Fermez la Porte

This story was obtained originally from George Koskimaki, veteran of the 101st Airborne and prolific historian of that outfit. George served as the radio operator for Division CG Maxwell Taylor on the Normandy drop. Parts of this story are from Koskimaki's D-Day with the Screaming Eagles (1970), a portion from letters exchanged between George Koskimaki and Col. Young in 1988, and other portions from sources referenced.

Regarding our bet, as to whether or not I could put Col. Sink within 300 yards of the spot on the map he had pointed to at the briefing (this spot was the site chosen for the 506th’s CP—“T or no T”—Col. Sink landed within 200 yards [see photo of  “the bet”], but like many paratroopers landing in the darkness, Sink wasn’t immediately sure exactly where he was. Not one to wonder long, he heard a dog barking at a nearby farmhouse, went over and banged on the door.

“Fermez la porte,” he yelled several times. There was no response.

He banged on the door. “Fermez la porte!”

“I believe that means ‘close the door’,” Capt. Edward Peters told Sink, whose high school French was a little rusty. “So it does,” replied Col. Sink.
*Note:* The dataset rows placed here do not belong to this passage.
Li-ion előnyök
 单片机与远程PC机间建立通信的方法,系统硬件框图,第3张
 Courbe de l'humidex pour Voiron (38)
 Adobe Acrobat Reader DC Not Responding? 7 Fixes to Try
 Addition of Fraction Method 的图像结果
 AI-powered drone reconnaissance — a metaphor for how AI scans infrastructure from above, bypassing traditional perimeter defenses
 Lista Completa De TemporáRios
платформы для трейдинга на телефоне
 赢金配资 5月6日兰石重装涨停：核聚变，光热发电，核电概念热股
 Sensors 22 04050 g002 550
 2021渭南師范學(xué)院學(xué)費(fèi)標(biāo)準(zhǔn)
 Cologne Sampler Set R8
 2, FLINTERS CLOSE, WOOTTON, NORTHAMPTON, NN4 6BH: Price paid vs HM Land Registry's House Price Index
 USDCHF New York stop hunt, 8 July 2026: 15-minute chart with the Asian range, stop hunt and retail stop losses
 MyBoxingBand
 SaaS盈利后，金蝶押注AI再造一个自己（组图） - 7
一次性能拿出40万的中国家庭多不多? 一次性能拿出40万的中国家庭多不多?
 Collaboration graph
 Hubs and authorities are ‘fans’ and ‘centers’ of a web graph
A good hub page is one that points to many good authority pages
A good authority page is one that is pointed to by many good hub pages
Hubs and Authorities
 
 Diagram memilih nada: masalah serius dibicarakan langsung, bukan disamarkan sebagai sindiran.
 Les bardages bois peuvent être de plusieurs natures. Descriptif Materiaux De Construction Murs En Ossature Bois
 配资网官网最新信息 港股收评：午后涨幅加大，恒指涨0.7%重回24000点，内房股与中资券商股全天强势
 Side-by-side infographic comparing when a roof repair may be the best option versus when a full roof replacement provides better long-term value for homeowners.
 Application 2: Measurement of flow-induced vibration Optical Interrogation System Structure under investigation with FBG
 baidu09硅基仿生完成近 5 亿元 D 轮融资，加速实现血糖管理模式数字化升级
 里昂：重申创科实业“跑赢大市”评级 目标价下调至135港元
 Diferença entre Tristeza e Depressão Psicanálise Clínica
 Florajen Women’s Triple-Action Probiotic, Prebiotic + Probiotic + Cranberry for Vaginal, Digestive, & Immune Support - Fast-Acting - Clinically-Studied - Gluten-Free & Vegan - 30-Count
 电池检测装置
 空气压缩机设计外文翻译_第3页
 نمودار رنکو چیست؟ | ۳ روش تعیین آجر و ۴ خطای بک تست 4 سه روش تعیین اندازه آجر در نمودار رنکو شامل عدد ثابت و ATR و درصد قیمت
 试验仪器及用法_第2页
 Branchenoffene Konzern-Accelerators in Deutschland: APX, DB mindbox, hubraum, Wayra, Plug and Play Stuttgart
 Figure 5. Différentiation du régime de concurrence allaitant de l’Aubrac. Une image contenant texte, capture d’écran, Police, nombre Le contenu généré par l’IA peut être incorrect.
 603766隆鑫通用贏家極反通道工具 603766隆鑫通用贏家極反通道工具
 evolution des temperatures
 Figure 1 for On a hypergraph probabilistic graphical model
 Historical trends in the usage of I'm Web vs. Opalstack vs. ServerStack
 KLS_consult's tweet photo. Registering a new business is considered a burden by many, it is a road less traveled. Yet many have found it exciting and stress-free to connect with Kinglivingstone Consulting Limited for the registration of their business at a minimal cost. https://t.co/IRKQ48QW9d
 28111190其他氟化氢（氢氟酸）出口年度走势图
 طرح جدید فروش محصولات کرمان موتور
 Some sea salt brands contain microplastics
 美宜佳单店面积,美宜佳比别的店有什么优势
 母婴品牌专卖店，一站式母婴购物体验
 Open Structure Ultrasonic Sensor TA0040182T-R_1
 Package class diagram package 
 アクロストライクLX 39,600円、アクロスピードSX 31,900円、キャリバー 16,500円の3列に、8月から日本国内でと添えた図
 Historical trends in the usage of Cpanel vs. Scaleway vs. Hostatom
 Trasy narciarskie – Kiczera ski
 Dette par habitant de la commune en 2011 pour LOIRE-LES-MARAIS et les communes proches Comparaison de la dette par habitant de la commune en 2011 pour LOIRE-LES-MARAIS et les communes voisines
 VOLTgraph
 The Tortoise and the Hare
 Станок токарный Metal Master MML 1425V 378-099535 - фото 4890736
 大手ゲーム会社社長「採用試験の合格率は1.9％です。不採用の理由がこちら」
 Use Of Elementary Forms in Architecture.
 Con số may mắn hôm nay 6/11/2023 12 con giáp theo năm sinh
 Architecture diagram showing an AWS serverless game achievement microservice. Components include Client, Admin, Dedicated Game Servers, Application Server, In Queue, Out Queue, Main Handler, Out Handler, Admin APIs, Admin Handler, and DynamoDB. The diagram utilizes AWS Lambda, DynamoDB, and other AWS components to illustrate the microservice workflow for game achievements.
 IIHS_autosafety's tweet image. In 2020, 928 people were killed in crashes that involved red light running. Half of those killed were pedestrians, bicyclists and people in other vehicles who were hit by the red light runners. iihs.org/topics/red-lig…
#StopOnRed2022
“Ouvrez la porte!” came the revised question.

The farmer quickly appeared at the door, Sink produced a map, and without further delay, the Frenchman pinpointed Sink’s position, at Culoville, in a group of farm buildings, right where he was supposed to be. His party left, and established themselves at the CP before 0200. (Marshall, 254; Rapport & Northwood, 101; Koskimaki, 265).

By dawn of D-Day, approximately 1,100 of the 101st’s troopers were at or near their objectives. Col. Sink, shortly after dawn, had made contact with his 2d Battalion. He had been unable to contact the 3d Battalion, which had lost its CO (Col. Wolverton) in a German ambush of the 3d Battalion DZ; however, survivors of this drop, under the leadership of Capt. Charles Shettle, had already captured the 3d’s objective, and later that night, in conjunction with elements of the 501st at the locks to the west (near La Barquette), sandwiched Heydte’s 1st Battalion--now trying to withdraw into Carentan—in between the two relatively small American forces. In the confusion, the Germans thought the attack was much larger and more coordinated and surrendered to the American troopers (Galvin, 343).

As the day developed, more 101st soldiers gathered around the 506th CP, and Sink had a detail tow back a captured German 105mm artillery piece. By the end of D-Day, of the approximately 2,500 troops of the 101st Airborne who were in concentrated positions, the largest concentration of these men “were with Colonel Sink in the vicinity of Culoville.”

“That evening Generals Taylor and McAuliffe and their headquarters party arrived at Colonel Sink’s command post at Culoville. Culoville was not the safest place in Normandy; twice that afternoon Colonel Sink had had to rally his headquarters force and even the walking wounded to drive back German infiltrating attacks on the command post. It was here though that the greatest strength of the 101st had tended to center and it was to Colonel Sink that General Taylor assigned the execution of the Division’s most important D-plus-1 mission,” the securing of the highway and railroad bridges over the Douve River (Rapport & Northwood, 128-35).*

Go to Hard Way to Earn Your Pay

 


* These bridges were located about one mile NW of Carentan and almost 4½ miles SSE of the 506th CP (2½ miles beyond the horse farm that Col. Sink had been through the day before).